Before leaving, the Count kissed her forehead and said he’d soon be back – with more rum.

He stopped on the corner of the street and hesitated. To his left bars summoned, and to his right Karina’s place. There was only a lorry parked in front of the whole block and he raised his hopes thinking a Polish Fiat might be lurking behind it. He turned right, passed by the girl’s house that was still shut up and saw there was nothing behind the lorry. He walked to the corner, turned half round and walked back past her house. He wanted to go in, ring, ask – I’m a policeman, for fuck’s sake, where’s she got to? – but a last ounce of pride and commonsense repressed his adolescent impulse when he put his hand on the garden gate. He walked on down the street, after rum and oblivion.

“Well, pal, she didn’t ring,” he managed to say with enough strength to raise his arm and drink some more. The second bottle of firewater was also practically dead when the National Anthem blared out to mark the end of the evening’s programmes.
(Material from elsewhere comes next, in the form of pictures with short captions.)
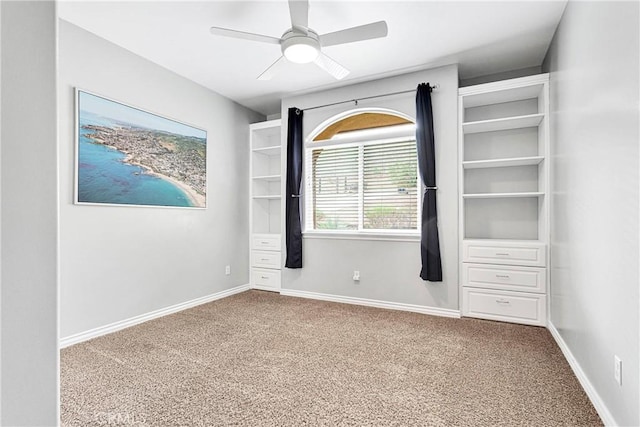 unfurnished bedroom featuring carpet floors, a ceiling fan, and baseboards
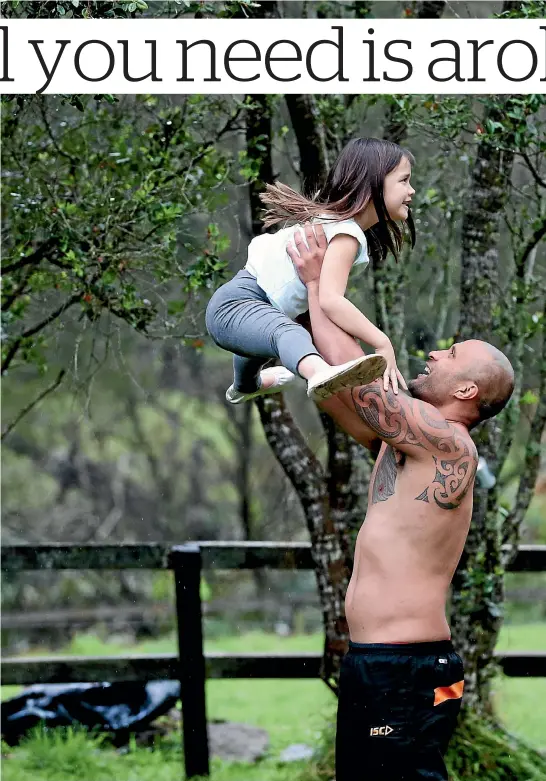  ?? DAVID WHITE / FAIRFAX NZ ?? Paul Whatuira now treasures his time with daughter Gabrielle and says he had to take control of his life for her sake. Left, Whatuira representi­ng New Zealand.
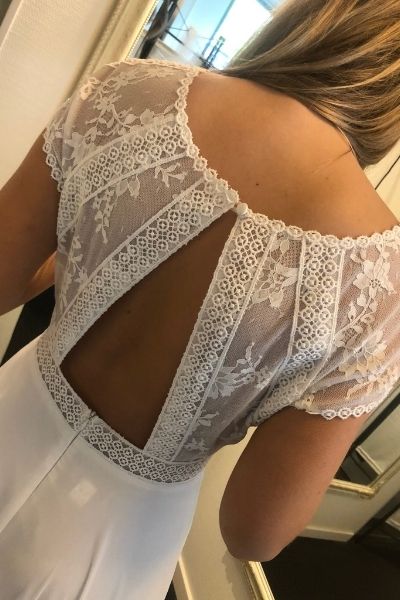 Hvid, kortærmet brudekjole med nærbillede af åben udskæring på ryg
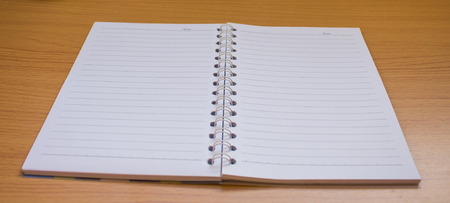 open spiral notebook on wood background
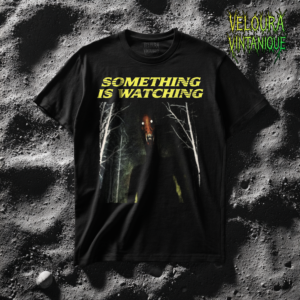 This chilling horror design features the phrase “SOMETHING IS WATCHING” in bold yellow lettering above a dark forest scene. Between pale, leafless trees stands a shadowy humanoid figure with glowing eyes and a terrifying, sharp-toothed grin. The grainy texture and muted colors create an eerie analog horror atmosphere, resembling a distorted photograph or found footage. The contrast between the quiet forest and the lurking figure builds tension, making this design perfect for fans of creepy, unsettling, and psychological horror visuals.
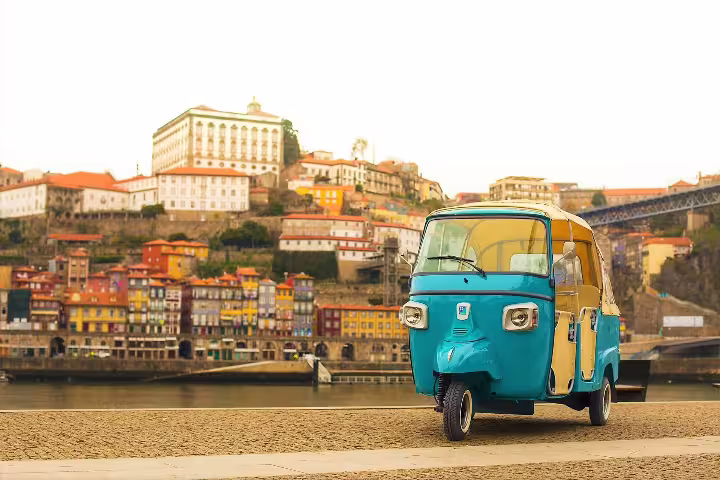 Blue tuk tuk parked along the scenic Douro River with colorful Porto hillside buildings and historic architecture in the background.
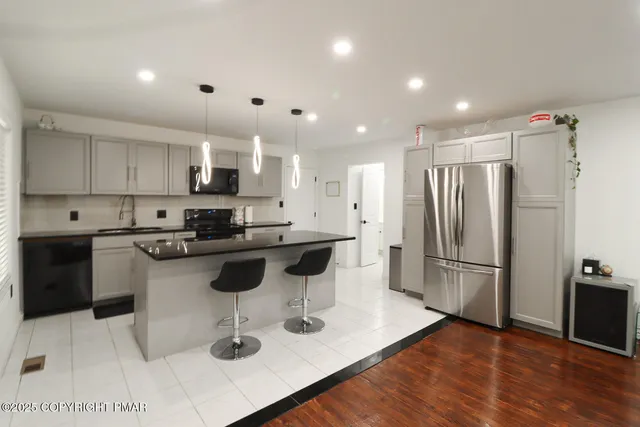 a kitchen with stainless steel appliances granite countertop a sink a stove a refrigerator a center island and chairs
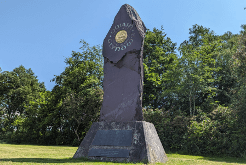 A large standing stone carved with Glyndwr's name.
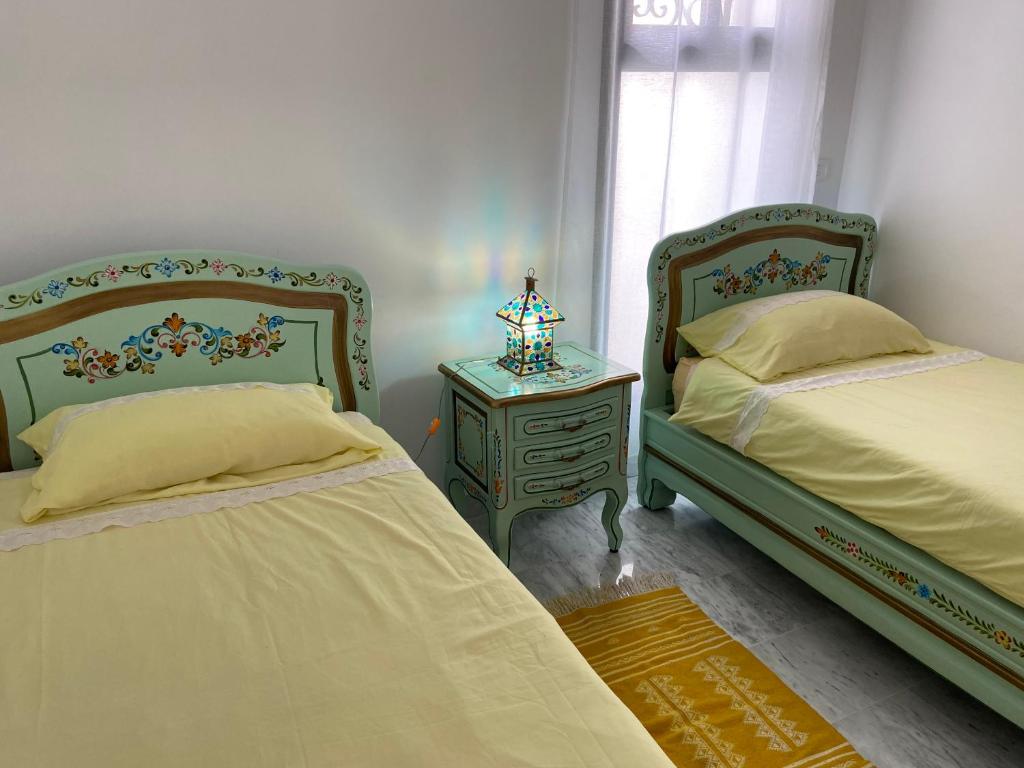 Postel nebo postele na pokoji v ubytování Marsa Authentic Luxury Appart 1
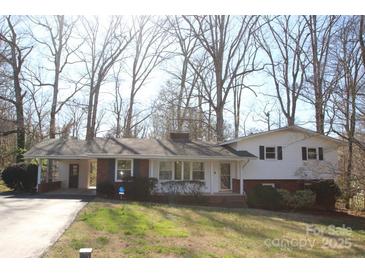 Charming, one-story home with a brick foundation, carport, and beautifully maintained front yard at 544 Stoneybrook Rd, Statesville, NC 28677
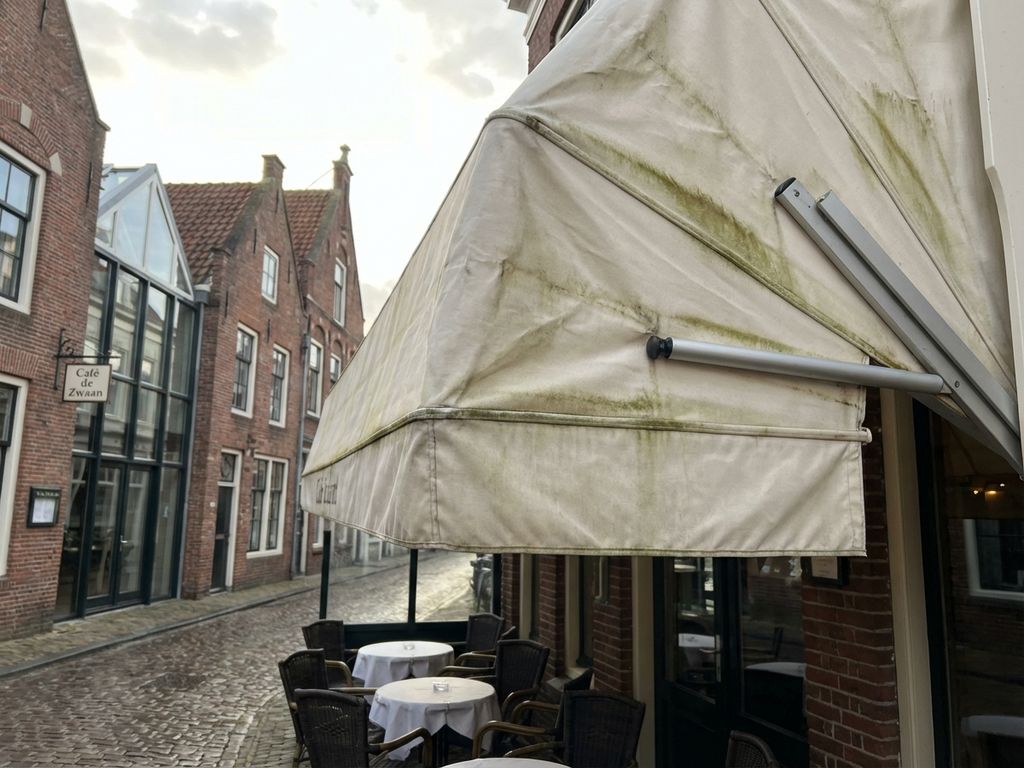 Restaurantterras luifel met lichte algengroei op wit doek, uitgestrekt boven tafels en stoelen in Nederlandse café setting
Josefina stood in the doorway, observed the hecatomb and crossed herself mechanically: the two were shirtless, and gripping their glasses tight. Her son, slumped over the arm of his wheelchair, his flabby flesh streaming with sweaty. And the Count, sitting on the floor, back against the bed, suffering the last rattle from a coughing attack. On the ground, an ashtray steaming like a volcano and the corpses of two bottles and the epilogue to another.

“You’re killing yourselves,” she said picking up the bottle of firewater. She fled. Those scenes filled her heart with sadness because she knew she spoke the truth: they were committing suicide, cowardly but surely. And only love and loyalty remained from the times when Skinny and the Count spent their evenings and nights in that same room, listening to music at a superhuman volume and arguing about girls and baseball.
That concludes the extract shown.